The lines running from the one that contains "Dark iridescent Glass Earrings" to the end of the records below are what to reproduce, exactly and without pictures.

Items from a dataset

━━━━

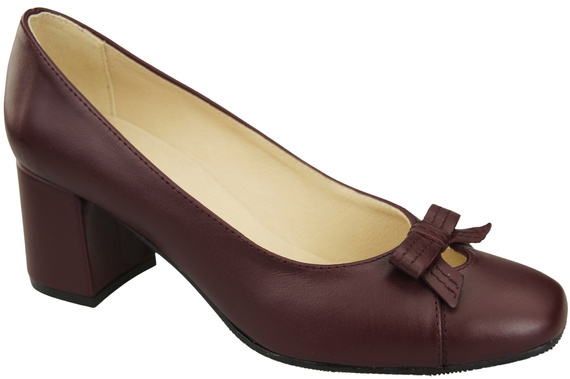 Women's Pumps with a Bow, Natural Leather and Low Heel 203 ElitaBut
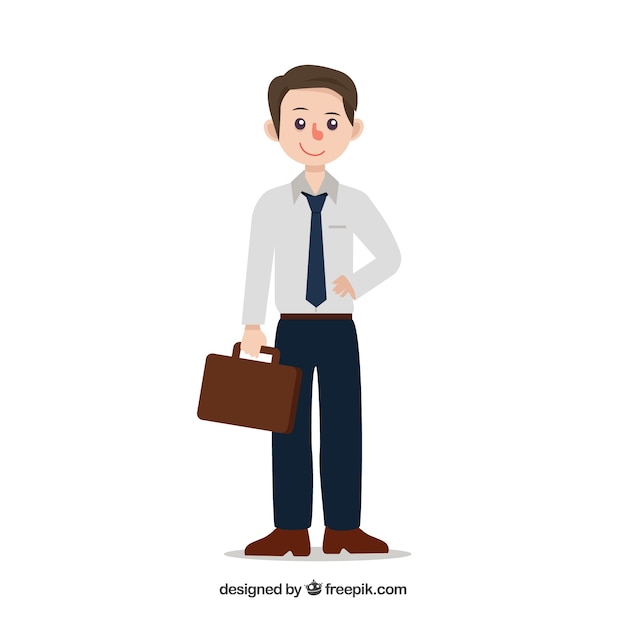 Salesman composition with flat design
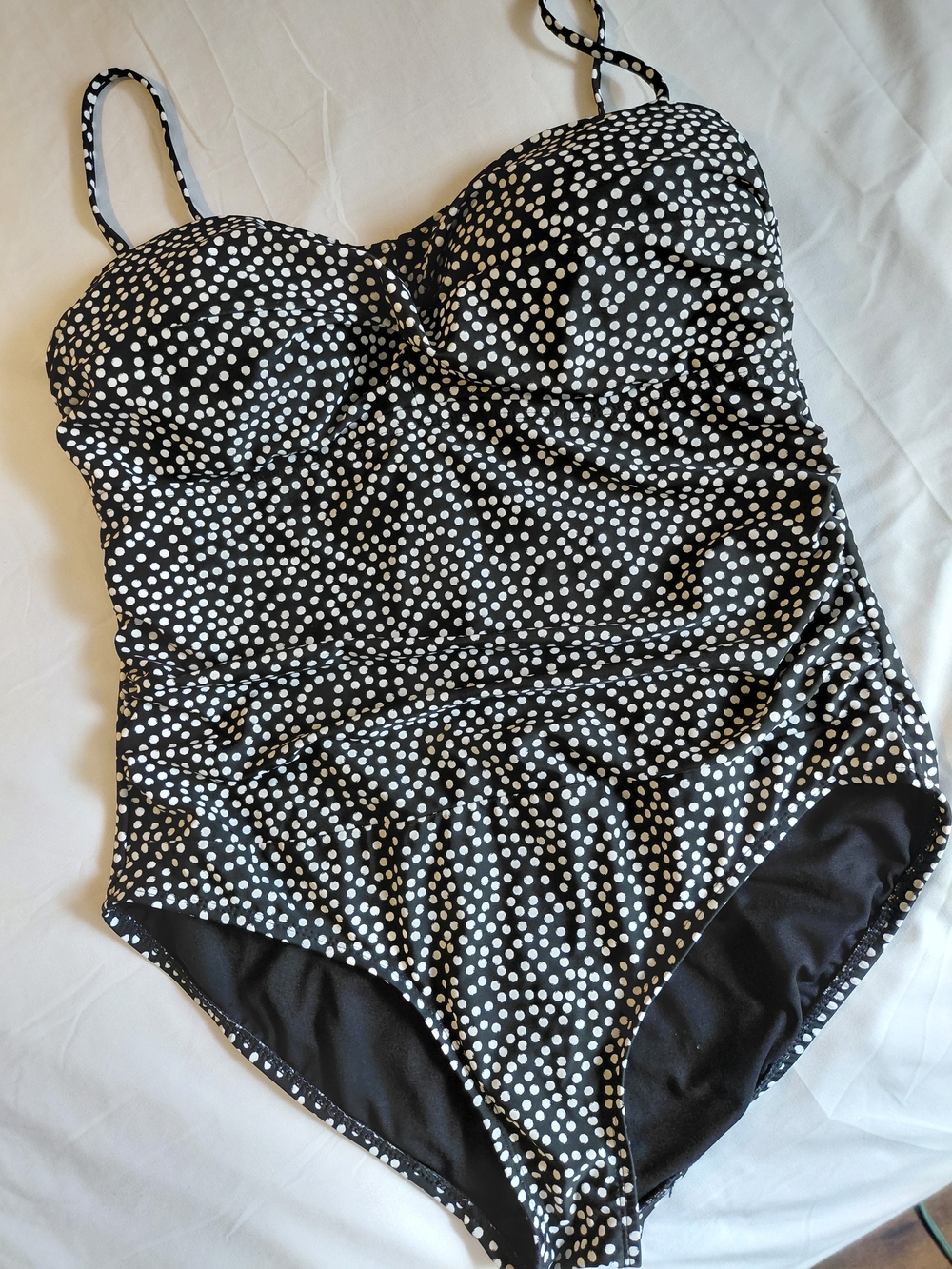 Catalina Black and White Polka Dot One-Piece Swimsuit Sz XL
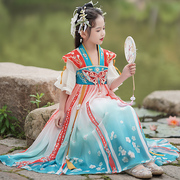 女童汉服公主裙春夏季中国风小女孩超仙唐装复古风襦裙儿童演出服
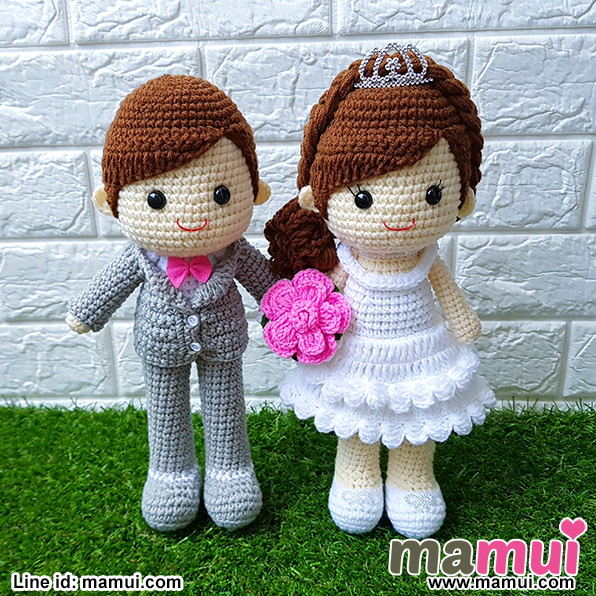 ตุ๊กตาแต่งงานกระโปรงสั้นดอกไม้ชมพูสูง 13 นิ้ว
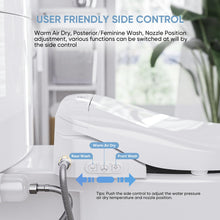 Load image into Gallery viewer, LEIVI Electric Bidet Smart Toilet Seat with Dual Control Mode, Adjustable Warm Water and Air Dryer, Ultra Slim Heated Toilet Seat, Oscillating and Pulsating Spray Wash, LED Nightlight, Elongated
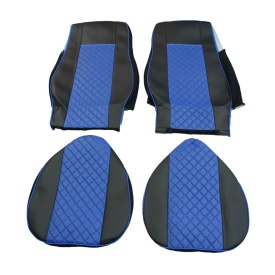 Set huse scaune camion compatibile DAF XF euro 6 2012->, piele ecologica, negru cu albastru - Img 5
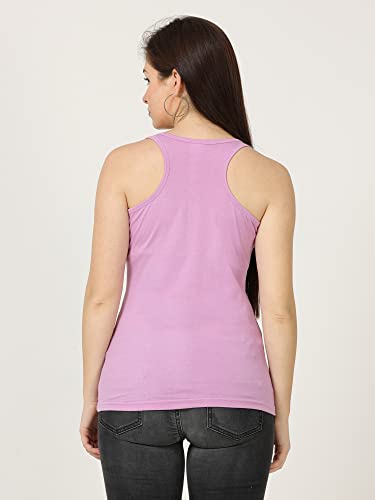 Image of FLEXIMAA Women's Cotton Plain Round Neck Sleeveless T-Shirt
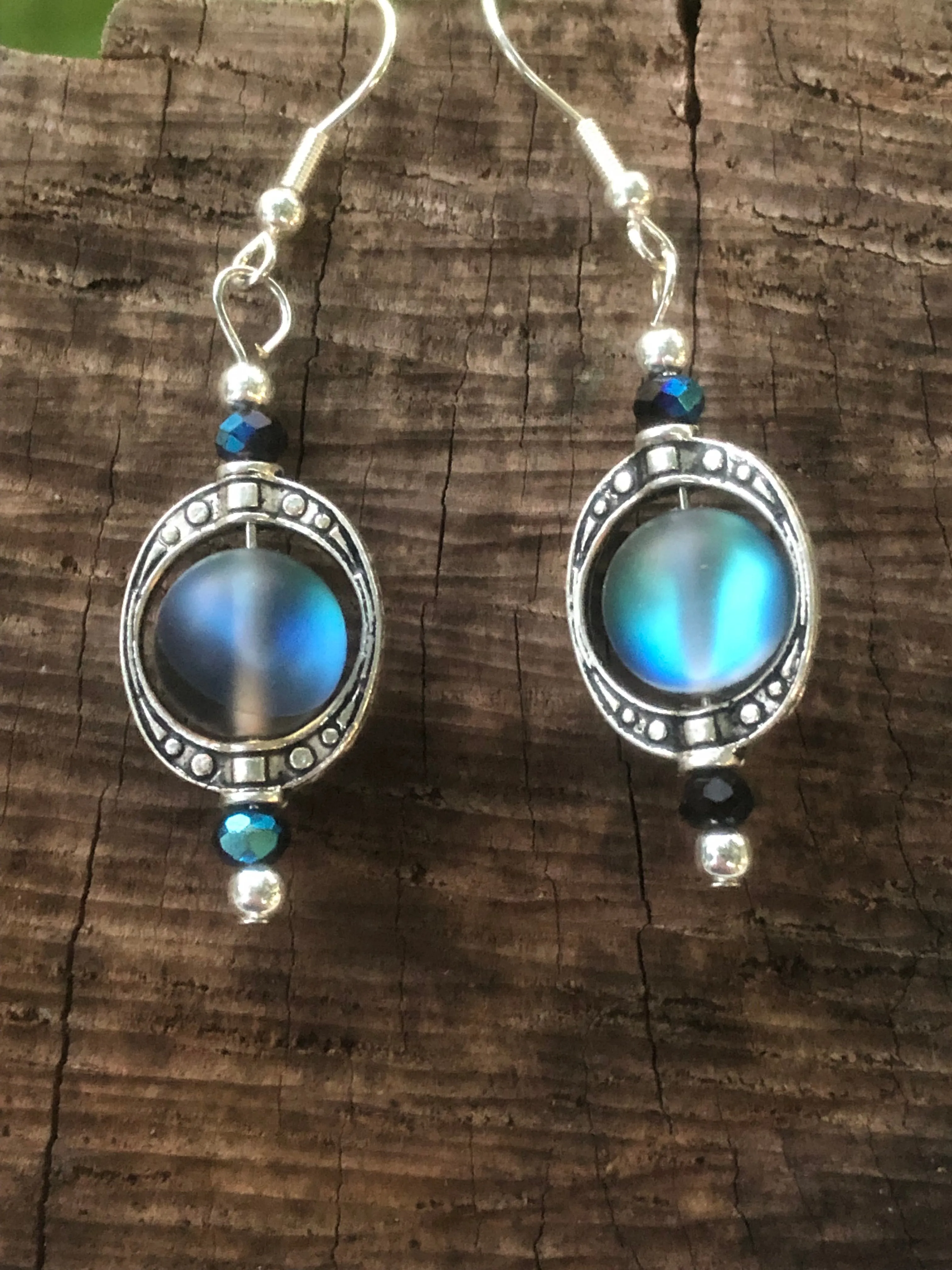 Dark iridescent Glass Earrings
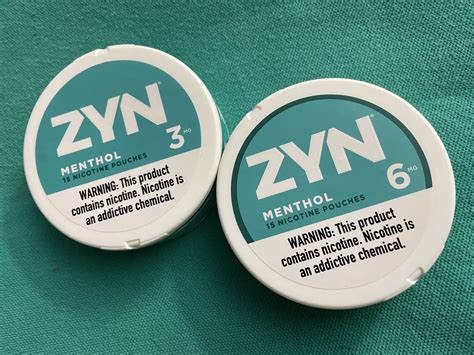 Zyn 100 pouch pack. The first product in this category was ZYN marketed by Swedish Match North America. ZYN comes in three strengths, 3, 6, and 8 mg, and is packed in a white pouch that is put under the upper lip. In the United States ZYN appears very popular among smokeless tobacco users. 7 One possible reason for its appeal may be that it is a non-tobacco product.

━━━━

- _Reply to the task_:
 Dark iridescent Glass Earrings
 Zyn 100 pouch pack. The first product in this category was ZYN marketed by Swedish Match North America. ZYN comes in three strengths, 3, 6, and 8 mg, and is packed in a white pouch that is put under the upper lip. In the United States ZYN appears very popular among smokeless tobacco users. 7 One possible reason for its appeal may be that it is a non-tobacco product.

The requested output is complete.